They were replaced at these papers by cheap, young labor who could carve out a social media presence, if not curate sources and write a decent article every so often. What you’re left with is a pack of 26 year-olds sitting on their couches playing Fortnite waiting for their notifications to ping when Ian Rapoport tweets something with the #Jets hashtag, which they could then follow up with “Can confirm that [Rapoport tweet].” And that is the sum total of their reporting repertoire. None of them break stories by themselves. None of them appear to have any sources inside the building. And none of them seem to particularly care about the intended focus of their career: informing the reader. Why does this matter? Because it creates a void that gets filled with Manish Mehta’s clickbait troll carnival. Don’t get me wrong—clickbait trolling has its place, has always existed, and can be illumating and fun, but the problem is that there’s no longer a counterpoint to this trolling because there’s no real journalism going on alongside. 

Today is the start of free agency in the NFL. Has anyone come across an article, or a tweet, or a single piece of reporting from any of our best writers that would indicate that any of them have ever actually spoken to anyone actually employed by the Jets?

 

To whit: here is Costello’s latest. It’s got a good headline, “The Problem With the Jets Having The NFL’s Most Free Agency Money.” That’s a story I’d like to read, right? However, it’s  worthless and reads like a lame post on a message board that’d get two “likes” and mercifully get scrolled off the front page within an hour. This is not informative and it doesn’t attempt to answer the question presented in the title. It’s a 400-word blog post that looks like it was written while sitting on the toilet. There is no original reporting, it contains a banal quote from Maccagnan that was cut and pasted from a previous source, and the conclusion it asserts is “yeah, the Jets need players and should get some.” 

 

The question is, is Hughes going to be doing anything at The Athletic that’s any different, that serves the Jets fan better than the current hackery, and is worth paying for? Hughes seems like a good dude and he started out trying to do some interesting and ambitious things, but it seemed like he fell into the Costello/Slater/Kim Martin trap where their attempts at reporting got lazy and consisted of an extended complaint about how long and lame training camp was and how lame the Jets beat is, as if they were eternally damned to cover the opening of a Chipotle in Forest Hills. 

 

 

 

Quote

The Jets finally are No. 1 … in salary-cap space.

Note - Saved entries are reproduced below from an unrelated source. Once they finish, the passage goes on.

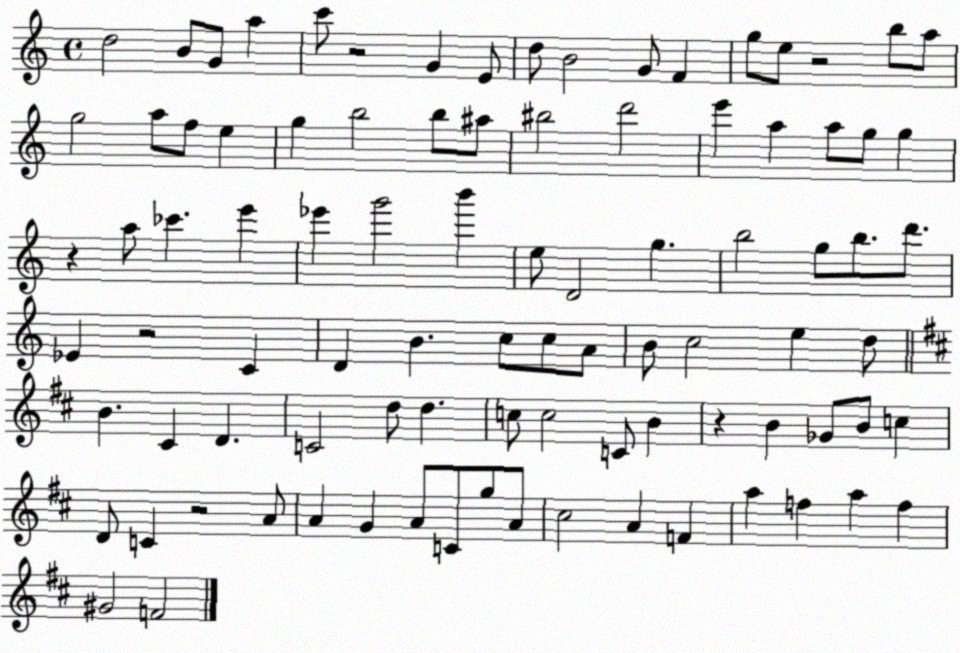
X:1
T:Untitled
M:4/4
L:1/4
K:C
d2 B/2 G/2 a c'/2 z2 G E/2 d/2 B2 G/2 F g/2 e/2 z2 b/2 a/2 g2 a/2 f/2 e g b2 b/2 ^a/2 ^b2 d'2 e' a a/2 g/2 g z a/2 _c' e' _e' g'2 b' e/2 D2 g b2 g/2 b/2 d'/2 _E z2 C D B c/2 c/2 A/2 B/2 c2 e d/2 B ^C D C2 d/2 d c/2 c2 C/2 B z B _G/2 B/2 c D/2 C z2 A/2 A G A/2 C/2 g/2 A/2 ^c2 A F a f a f ^G2 F2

With the moves the Browns made Friday, acquiring Jarvis Landry and Tyrod Taylor, the Jets moved past Cleveland to the top of the heap in salary-cap space. They have $89.9 million in space, according to overthecap.com, as free agency begins Monday with teams being permitted to talk to agents. Players cannot officially sign deals until Wednesday at 4 p.m.

The Jets have the money to spend. The question now is whether they can find enough players worth spending it on. That is the problem with NFL free agency — the players who usually become free agents do so for a reason. They have a flaw that makes them expendable to their current team, whether that be age, salary demand or production. It is what scares some teams off from spending big in free agency.

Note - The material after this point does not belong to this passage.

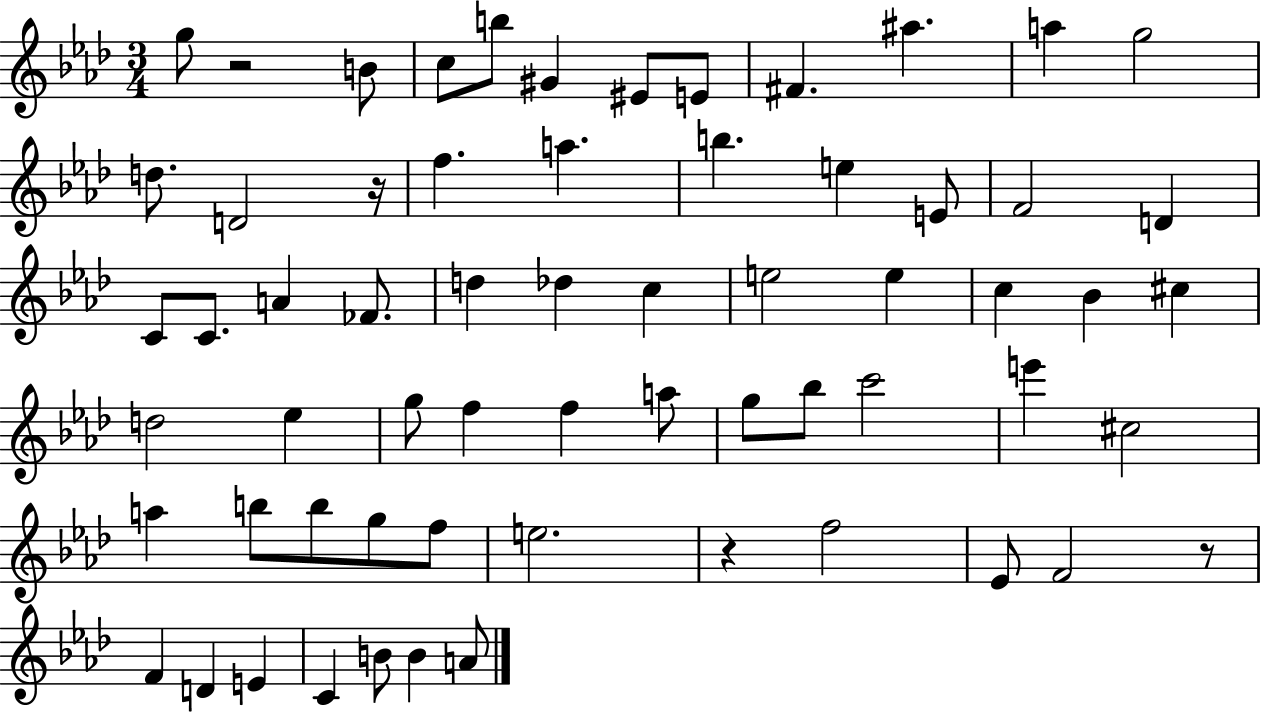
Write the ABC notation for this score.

The Jets know they will end up overpaying players in free agency, but they can do that because of the war chest they currently have. The benefit of drafting so poorly from 2008-14 is having very few young players who need to be paid. Leonard Williams figures to be the next one, and he is not scheduled to hit free agency until 2020 if the Jets exercise his fifth-year option.

The Jets have targets in mind, and they hope to find players who can stick with their team for several years. That starts with quarterback Kirk Cousins, whose agent will surely get a call from the Jets on Monday to set up a visit with the top free agent. After Cousins, GM Mike Maccagnan will be looking for younger free agents who can be part of the core of the Jets.

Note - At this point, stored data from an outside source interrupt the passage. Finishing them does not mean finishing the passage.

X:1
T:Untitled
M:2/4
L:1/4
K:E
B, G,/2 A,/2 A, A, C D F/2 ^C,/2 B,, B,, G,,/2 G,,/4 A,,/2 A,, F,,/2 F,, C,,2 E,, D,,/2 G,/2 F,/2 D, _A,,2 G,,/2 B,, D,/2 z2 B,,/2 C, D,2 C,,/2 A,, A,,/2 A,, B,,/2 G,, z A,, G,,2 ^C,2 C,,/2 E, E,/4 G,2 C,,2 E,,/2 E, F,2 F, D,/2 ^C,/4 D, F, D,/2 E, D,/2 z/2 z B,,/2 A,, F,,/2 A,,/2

“I think our approach will be, obviously, to try to figure out every position and make it as competitive as possible,” Maccagnan said at the Scouting Combine, “and to a certain degree I think we’re going to try to do things that will help us not only in this coming season but obviously identify players that can help us next year and the year after that, so we continue to build a young group of players. We made a lot of very tough decisions last year sort of retooling the roster with the idea that after we got through last year we’d get to this season when we have a lot of cap space and cash to potentially work with. That’s what we’re excited about.”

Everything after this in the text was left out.